As for your other points…

I don’t think a game engine has to be written in a low-level language without a garbage-collector. Every game engine is different, and has different goals and tradeoffs. And I must say, the amount of functionality present in even today’s unfinished Armory3d in a small code-size is pretty astounding.

Armory3d is using Haxe and Emscripten to have an almost surreal ability to deploy to any target (including HTML5/webgl)… and it has a deep connection to Blender, to get rid of the hell that is asset-conversion and working with game-asset-editors that are feeble shadows of Blender. I conceptually like this direction.

I think Armory3d, even with Emscripten bullet copying mesh data, even with 100% single-threading, even with only the Krom target… can be a far better BGE than the BGE ever was. It’s an ultra-rapid prototyping system for relatively small games that you want to write entirely in Nodes and Haxe, and deploy everywhere trivially. This is a pretty good niche to be in.

However, when you go beyond that niche, what you get is a confusing paradox of choice, and Armory3d pulled in different directions. Every Haxe target has different complexities and limitations. Krom doesn’t multi-thread Haxe code. Emscripten causes extra copying/marshalling. They all use different GCs, and have different ways of integrating C/C++ code.

One problem with this is understanding it. I have enough experience in low level runtimes to come up to speed on these details quickly, but for most people, this is going to be baffling.

Another problem is integrating foreign code. If you want to integrate non-Haxe modules, you have to pick a method, which effectively means picking a target… so some of the target neutrality promise goes out the window.

Another issue is that optimizing Armory3d for new scenarios is target dependent!

For example, one person is posting on the forums about troubles using a really large terrain mesh. You can cut it up in pieces and use LOD, or you can make it a ROAM heightmap, or whatever… but if the data all lives in Haxe land, and you want to use Emscripten bullet to make a character walk on the ground, there is going to be copying and duplication. What do you do about this?

It feels like this decision depends on the target you care most about. If you want to keep target flexibilty, and efficiently share Haxe mesh data and acceleration structures, maybe you switch to a Haxe native physics implementation like OimoPhysics.
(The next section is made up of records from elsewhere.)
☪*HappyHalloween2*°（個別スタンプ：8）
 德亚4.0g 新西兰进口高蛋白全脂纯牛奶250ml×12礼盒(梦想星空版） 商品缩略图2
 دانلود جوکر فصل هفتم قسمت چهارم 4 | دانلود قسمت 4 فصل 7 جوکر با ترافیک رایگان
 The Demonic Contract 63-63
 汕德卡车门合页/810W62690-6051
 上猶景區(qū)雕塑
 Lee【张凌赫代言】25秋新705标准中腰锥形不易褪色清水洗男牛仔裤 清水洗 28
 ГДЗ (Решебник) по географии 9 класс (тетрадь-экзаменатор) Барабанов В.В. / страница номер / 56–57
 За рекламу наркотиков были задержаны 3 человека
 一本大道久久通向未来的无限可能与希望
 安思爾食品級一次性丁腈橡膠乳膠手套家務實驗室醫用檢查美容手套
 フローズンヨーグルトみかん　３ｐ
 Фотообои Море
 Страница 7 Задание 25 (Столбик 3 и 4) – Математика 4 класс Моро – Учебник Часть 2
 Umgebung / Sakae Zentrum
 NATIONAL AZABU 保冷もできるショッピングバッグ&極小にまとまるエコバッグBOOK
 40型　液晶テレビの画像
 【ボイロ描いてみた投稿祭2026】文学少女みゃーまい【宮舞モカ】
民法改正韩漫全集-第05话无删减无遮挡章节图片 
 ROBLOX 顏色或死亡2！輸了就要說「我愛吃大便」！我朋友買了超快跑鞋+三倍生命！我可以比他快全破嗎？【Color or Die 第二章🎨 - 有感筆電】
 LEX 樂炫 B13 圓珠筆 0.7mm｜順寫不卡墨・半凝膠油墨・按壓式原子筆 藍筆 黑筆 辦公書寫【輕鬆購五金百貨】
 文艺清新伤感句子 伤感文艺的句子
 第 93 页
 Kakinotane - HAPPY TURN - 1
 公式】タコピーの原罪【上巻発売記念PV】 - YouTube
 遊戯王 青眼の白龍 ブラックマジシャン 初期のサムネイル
Or, if you want to heavily support Emscripten bullet, maybe you want to design a mesh layout and allocation scheme that locates these assets in WASM memory always. Or maybe if you want to keep things simple, maybe you just accept Armory3d isn’t going to be good for very large mesh colliders and send the guy with the huge terrain mesh to a different game engine.

My point is that I don’t think Armory3d can follow all these paths simultaneously, it needs to prioritize where it’s focus lies.